2. The learned counsel submitted that the delay in question was neither intentional nor deliberate and as such, the same deserves to be condoned keeping in view the bonafide reasons stated in detail in the additional affidavit of the appellant.
3. We have perused the application and also the two affidavits filed by the appellant in support of the application. The application itself does not give any explanation or reason for condoning the delay for 590 days. The reasons are given in the affidavit. The initial affidavit dated 20.08.2013 being cryptic, in the interest of justice, we have considered the additional affidavit dated 11.08.2014. Reasons for the delay in filing the appeal, have been narrated in paras 3 & 4 of the additional affidavit, which we consider it fair and just to reproduce:
"3.That I say and submit that the Appellant has not received the impugned Final Order dated 05.12.2011 from the Registry of the Hon'ble A.P. State consumer Disputes Redressal Commission, Hyderabad (for short "the Learned State Commission"). I further say and submit that the advocate for the Appellant before the Learned State Commission had left Hyderabad on promotion as a Legal Counsel to CBI Court at Bangalore. I also say and submit that, having no knowledge of passing of the above Final Order dated 05.12.2011 by the Learned State Commission there was no occasion for the Appellant to file the present Appeal earlier. I further say and submit that the Appellant bonafide under the impression that the complaint filed by it is pending before the Learned State Commission which is evident from the letter dated 25.06.2013 written by the Appellant to the Superintendent of the Learned State Commission, a true copy of which is annexed hereto as Annexure-A for ready reference. I also say and submit that in the aforesaid letter dated 25.06.2013, the Appellant requested for a copy of the Final Order, if any, passed by the Learned State Commission in the matter. I further say and submit that, thereafter, the appellant sent couple of Advocates for the certified copy of the Final Order, which could not be made available, due to the concerned complaint file missing and was not readily traceable in the Registry of the Learned State Commission because of which the Final Order dated 05.12.2011 could not be made available to the Appellant in the absence of which no Appeal could be filed by the Appellant before this Hon'ble Commission.

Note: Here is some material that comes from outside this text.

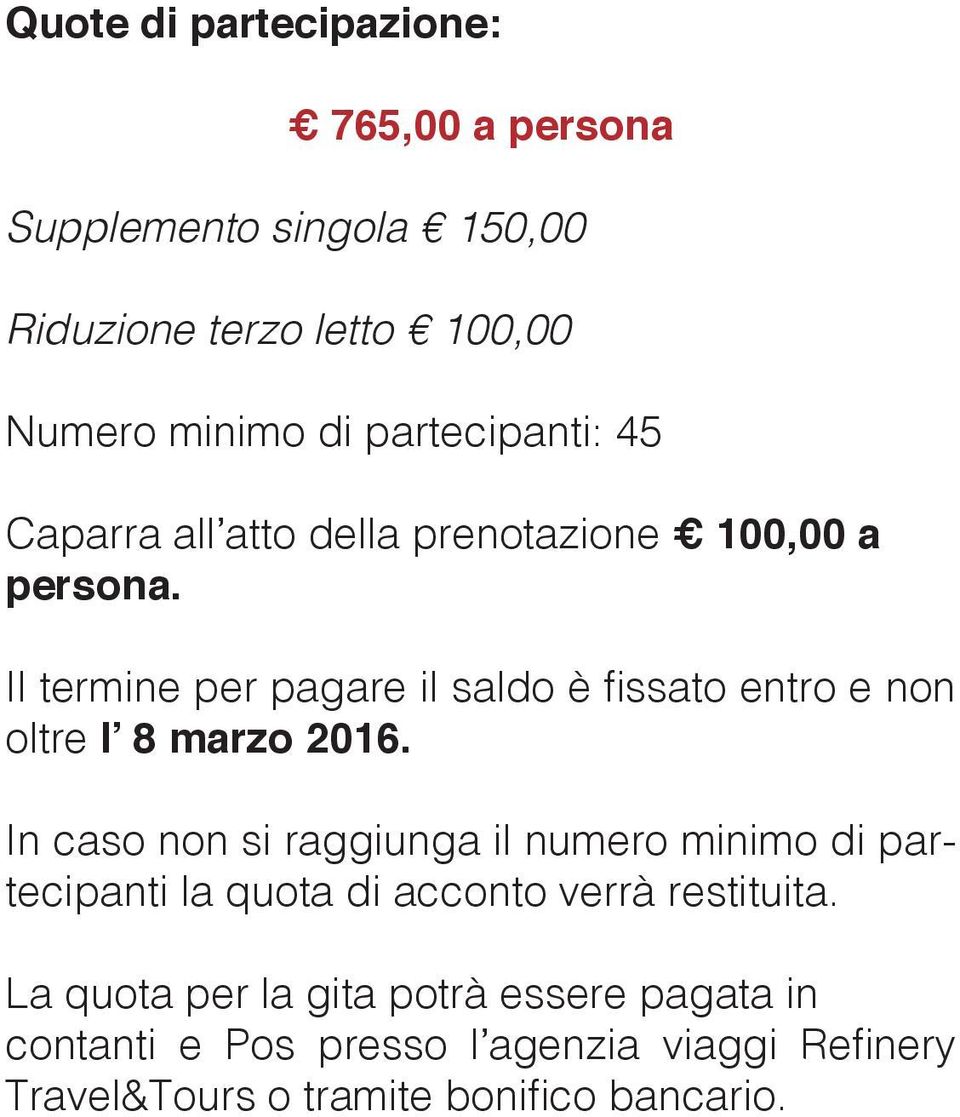 Il termine per pagare il saldo è fissato entro e non oltre l 8 marzo 2016.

4. That I say and submit that after the complaint file was traced by the Registry, immediately, on 05.08.2013, the Appellant applied for a certified copy which stands delivered to the Appellant on 16.08.2013 and the above First Appeal came to be filed on 21.08.2013 which shows the due diligence on the part of the Appellant. I further say and submit that had the Appellant aware of the impugned Final Order earlier, the Appellant would have taken immediate steps as has been taken now."
4. The appellant has also placed reliance on two judgments of the Hon'ble Apex Court referred to in paras 7 & 10 of the additional affidavit, which are also reproduced as under for better appreciation of the reasons/grounds on which the delay has been sought to be condoned:
"7. That I say and submit that it is settled law that the period of limitation starts from the date of knowledge. It is submitted that the even though the certified copy of the impugned Final Order dated 05.12.2011 records that free copy was issued on 24.12.2011, as the same was not received by the Appellant, the Appellant could not have any knowledge about the same, hence, could not have taken any steps as against the impugned Final Order of the Learned State Commission. Reliance is placed on the Judgment of Hon'ble Supreme Court of India in the case of the Assistant Transport Commissioner, Lucknow Vs. Nand Singh reported as AIR 1980 SC 15, wherein the Hon'ble Apex Court at para 2, held as under:-
"The date of communication of the order will be starting point of limitation for filing an appeal..... but ordinarily and generally speaking the order would be effective against the person affected by it only when it comes to his knowledge either directly or constructively, otherwise not."
10. That I say and submit that the law on condonation delay is very liberal and in this regard reliance is placed on the judgment of the Hon'ble Supreme Court in the case of N. Balakrishnan Vs. M. Krishnamurthy reported as (1998) 7 SCC 123 (Paras 9, 10, 11, 12 & 13) wherein the Hon'ble Supreme court, inter alia, held as under:-
"10. .....The primary function of a court is to adjudicate the dispute between the parties and to advance substantial justice. The time limit fixed for approaching the court in different situation is not because on the expiry of such time a bad cause would transform into a good cause."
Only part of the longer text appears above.